The inaptly dubbed “War on Terror” continues to run up an ever-higher body count. In the nearly ten years since 9-11, the so-called “Religion of Peace” has racked up over 17,000 deadly attacks, killing tens of thousands all over the globe (all carefully documented by the indefatigable folks at aptly-named site The Religion of Peace). With the body count ratcheting ever higher on a daily basis, why do many if not the majority of Muslims seem so indifferent to the carnage, or worse, even enthusiastic about the never-ending bloodshed committed in the name of Islam? In fact, Muslims have proven themselves highly resistant to the idea of criticizing their coreligionists, no matter what outrage has been committed.
For a Malaysian example of this disturbing behaviour, let’s examine the Malaysian reactions to the passing of Dr. Azahari Husin in 2005. Doctor Azahari — a former Malaysian university professor — was a committed jihadist and chief bombmaker for the terrorist group Jemaah Islamiyah. As you may recall, he was directly implicated in both Bali bombings (2002 and 2005), the JW Mariott hotel bombing in Jakarta in 2003, and the Australian embassy bombing in Jakarta in 2004. Azahari was in fact an unrepentant mass murderer, responsible for the deaths of hundreds of innocent people. But, as his family and the Malaysian media would have it, he was also supposedly a ‘genuinely warm and caring kind of guy’ who selflessly went to serve a ‘higher cause’.
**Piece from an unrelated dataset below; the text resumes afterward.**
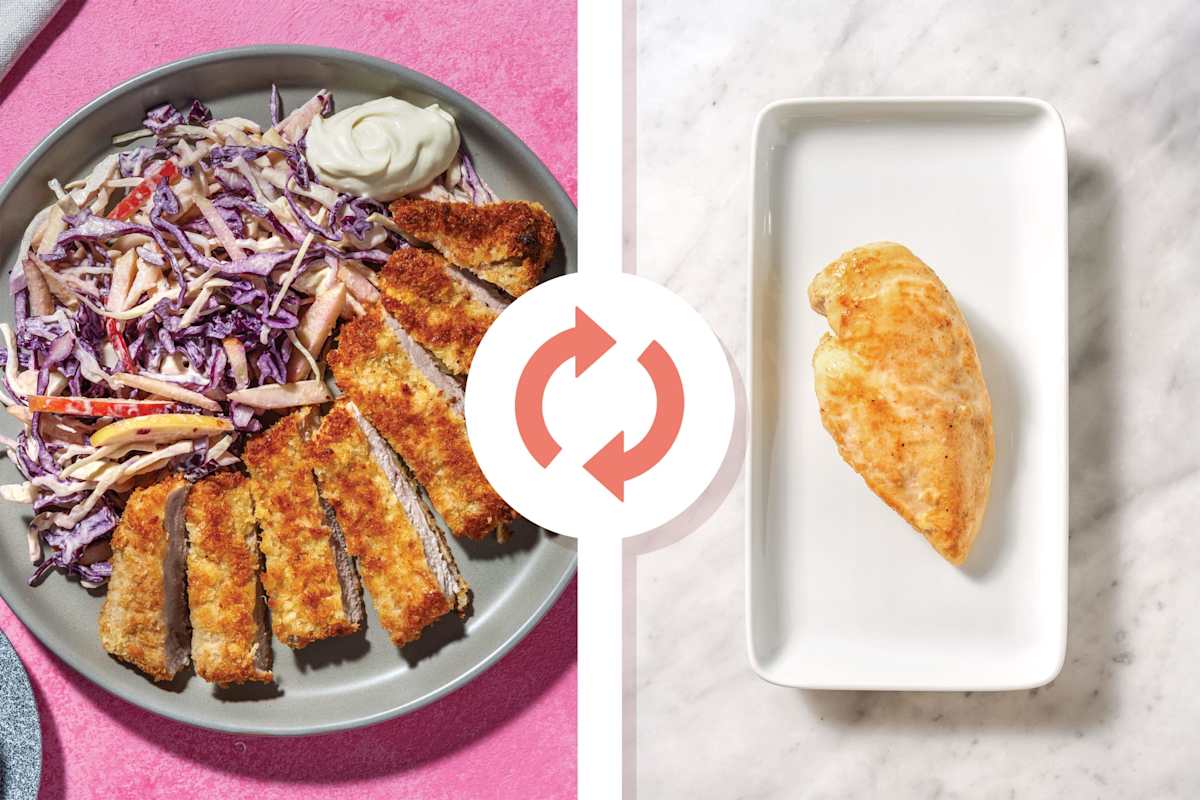 Parmesan Chicken Schnitzels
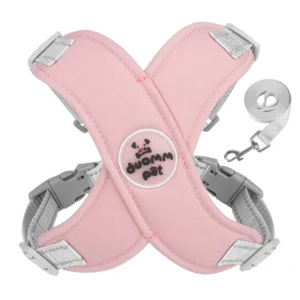 Premium Dog Harness for Small Medium Pets Comfortable Non Stringy X Harness Reflecting Silk Fashion Polyester for Cats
Here is the kind of spin his family put on the ‘fondly remembered’ Doctor Azahari, as was published verbatim in a Malaysian newspaper at the time (link unavailable):
…in his family, he was a respected big brother whose skills in Maths and zest for sports were a source of inspiration to his nine siblings. Azahari Husin’s sister, Suraya, 45, recalled that her brother loved cowboy movies and thought girls were “soppy”. … He loved the outdoors and once hitchhiked on a lorry from the premier Malay College (in) Kuala Kangsar, where he studied, to his home in Jasin as a teenager. When he studied in Australia, he took motorcycle excursions across the desert. He loved orchids and sports cars.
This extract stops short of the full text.